An apparent lice-like insect crawling on dinosaur feathers, as found preserved in mid-Cretaceous amber.

An apparent lice-like insect crawling on dinosaur feathers, as found preserved in mid-Cretaceous amber.
Image: Taiping Gao

Scientists are challenging the reported discovery of fossilized lice-like bugs crawling through dinosaur feathers, but the original researchers are standing by their interpretation. Y’all know what this means, right? Science fight!

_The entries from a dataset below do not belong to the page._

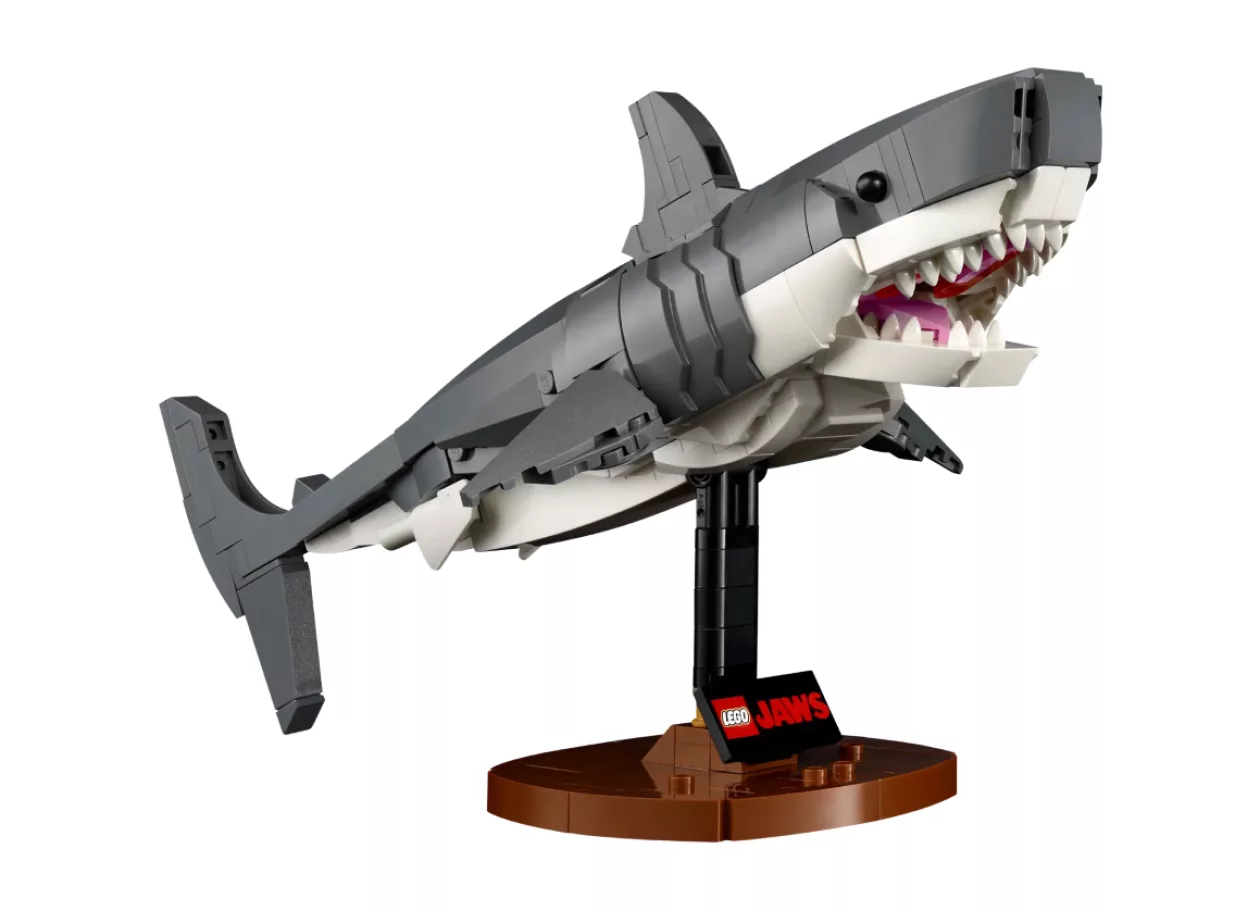 LEGO Jaws Orca Relive the Thrill of the Iconic Shark Encounter 6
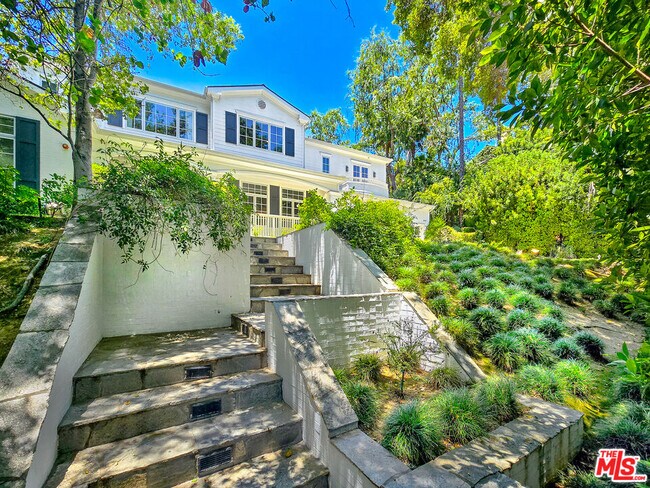 Foto del edificio - 3815 Valley Meadow Rd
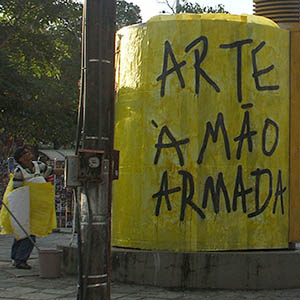 arte à mão armada_04_hires_JL 2_menu.jpg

In this corner, we have a team led by Taiping Gao from Capital Normal University in China. Back in 2019, this group claimed to have discovered a previously unknown louse-like insect, dubbed Mesophthirus engeli, found trapped in Burmese amber. A total of 10 specimens were found in two chunks of amber, all dating back some 100 million years ago to the mid-Cretaceous. Damaged dinosaur feathers were also detected within the amber fossils, prompting the scientists to declare it the oldest known example of dinosaur parasitism in the fossil record. Their resulting peer-reviewed paper was published in Nature Communications.

In the other corner, we have Isabelle Vea from the University of Illinois at Chicago and David Grimaldi from the American Museum of Natural History in New York. The duo says this interpretation is wrong, and that these insects couldn’t possibly be feather-feeding parasites. As Vea and Grimaldi point out in a Nature Communications Matters Arising letter published on Friday, the specimens are juvenile-stage scale insects, a group (specifically the Hemiptera order) of bugs that include bedbugs, cicadas, and aphids.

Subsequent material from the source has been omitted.